Je n'envie pas cette joyeuse et insouciance jeunesse car mon tempérament me pousse à la construction de mon esprit par la fréquentation des grands artistes et des génies qui honorent l'humanité. Je suis la vivante antithèse de ce monde factice de courtisans et de courtisés, de cette connivence dans l'adoration de l'éphémère.
Marina s'étonnait du fait que certains de mes amis les plus puissants et les plus affectionnés, n'aient jamais pensé à m'inviter sur leur yatch même pendant leur absence, alors que j'en aurais eu bien besoin pour me retaper,, et qu'ils le mettaient à disposition de relations beaucoup moins proches que moi, s'il faut les en croire.
Je crois que j'ai eu hier la confirmation de ce que je pressentais.
Nous sommes à l'époque ou la table des seigneurs (hommes d'état, magnats hyperfortunés, vedettes de la télévision, du ciéma, du show biz) admet les parasites les plus éhontés, les courtisans qui les amusent, mais jamais des savants, des artistes sérieux, ou tout simplement des hommes sages.
Comme me le disait le grand poète Yves Bonnefoy au cours d'une visite qu'il me fit l'honneur de me rendre, il est des temps où les riches et les puissants acceptaient à leur table des artistes et des hommes de science. Ainsi cette semaine vous trouverez dans Le Figaro Magazine, un article sur François Premier. Il était de ce temps et avait contribué à le modeler. C'était alors, pour employer les termes de Bonnefoy, les hautes eaux. Mais aujourd'hui, les puissants et les riches font table à part, reléguant les hommes d'esprit à la table des mendiants. Ce sont les basses eaux, et nous sommes dans une période de basses eaux.
En d'autres termes il existe deux castes étanches.. Celle qui habite les somptueux bateaux, qui circule en jets et conduit des lamborghini, est en complète incongruité d'avec les professeurs et chercheurs. C'est pourquoi mes amis Socrate et Olaf, ne m'ont jamais invité sur leurs bateaux pour une croisière de rève. Tout simplement cela ne leur venait pas à l'esprit. Ils n'arrivaient pas à visualiser "Le Professeur", en un lieu ou plane le souvenir des courtisanes. Car l'acajou bien astiqué des cabines d'un yacht dégage des ondes, comme les vieilles pierres d'une fermette. On ne "voit " pas Edgar Morin, ni Pierre Boulez, en train de paresser sur le Phocea ! Ce n'est pas qu'on ne veuille pas les recevoir, mais on n'imagine pas un tel accouplement entre sérieux et la légèreté vide. Il ne restait à Edgar Morin qu'à accepter pendant un mois mon hospitalité du Centre Culturel des Capucins, zone franche.

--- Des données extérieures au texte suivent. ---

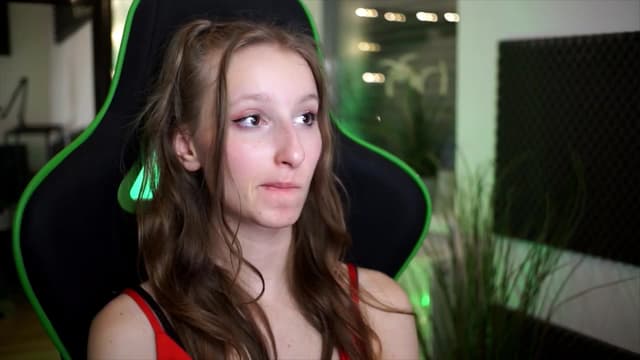 Gallery image thumbnail from Kira9's myfreecams stream on, 11/16/2025, 20:31 image 8 of 20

Je me trouve, vous le savez, à Divonne. Le temps est nuageux, l'eau de la piscine est froide, on doit subir comme à San Remo la promiscuité d'émirs mal élevés, d'enfants brailleurs... Enfin, ce n'est pas un camping, mais un château reconverti qui a bien du mal à joindre les deux bouts. Le climat est excellent pour la santé mais le plaisir est, pour moi, pur méridional, la Méditerannée, et, ne fut-ce qu'une semaine, paresser sur un yacht de rève, serait un moment de bonheur que j'emporterais avec moi.
On pourrait penser que le terme "caste" emprunté à la civilisation hindoue est une métaphore. Mais ce n'est pas du tout mon intention., je prends tout cela à la lettre. Les deux castes dont j'ai parlé sont aussi étanches, aussi radicales qu'en Inde, mais d'une manière bien plus sournoise, plus subtile, non énoncée, inconnue du public dont la gauche-caviar attise la jalousie. Mais il ne s'agit pas d'une sépartion entre les riches et les pauvres. Je ne vois pas Gérard Mulliez tout fortuné qu'il le soit, sur le pont d'un magnat de la finance. Et bien des sans-le-sou comme Boris Borodine, sont admis dans le yacht qui est en train d'appareiller pour Capri. Non c'est une affaire de caste, c'est tout.
A quelle caste appartiens-je? La question vaut d'être posée car les deux castes : celle de la jet society, celle du milieu académique, me rejettent également. En dépit de mes titres et de mon statut d'ex-professeur à la Wharton School, je ne fus jamais reconnu par mes pairs. C'est que je dédaignais leurs séminaires, produisaise des livres plutôt que des "papiers" dans les revues qu'il faut, et que je menais une vie plus que confortable, me subventionnant moi-même. Cela est inconvenant selon leurs standards. Mon statut réel dans la caste des intellectuels était inférieur à celui d'un chercheur de l'université de Trifouillis-les-Oies. Depuis, je fais partie des sans-castes, des déracinés; des painted birds, des errants. Autrement dit à la caste la plus basse de l'Inde : les intouchables. Et cela se sait, cela se sent, et entache gravement ma réputation. C'est peut-être une clé de la désaffection et du mépris que témoignait cet été Axel Poliakoff à mon égard.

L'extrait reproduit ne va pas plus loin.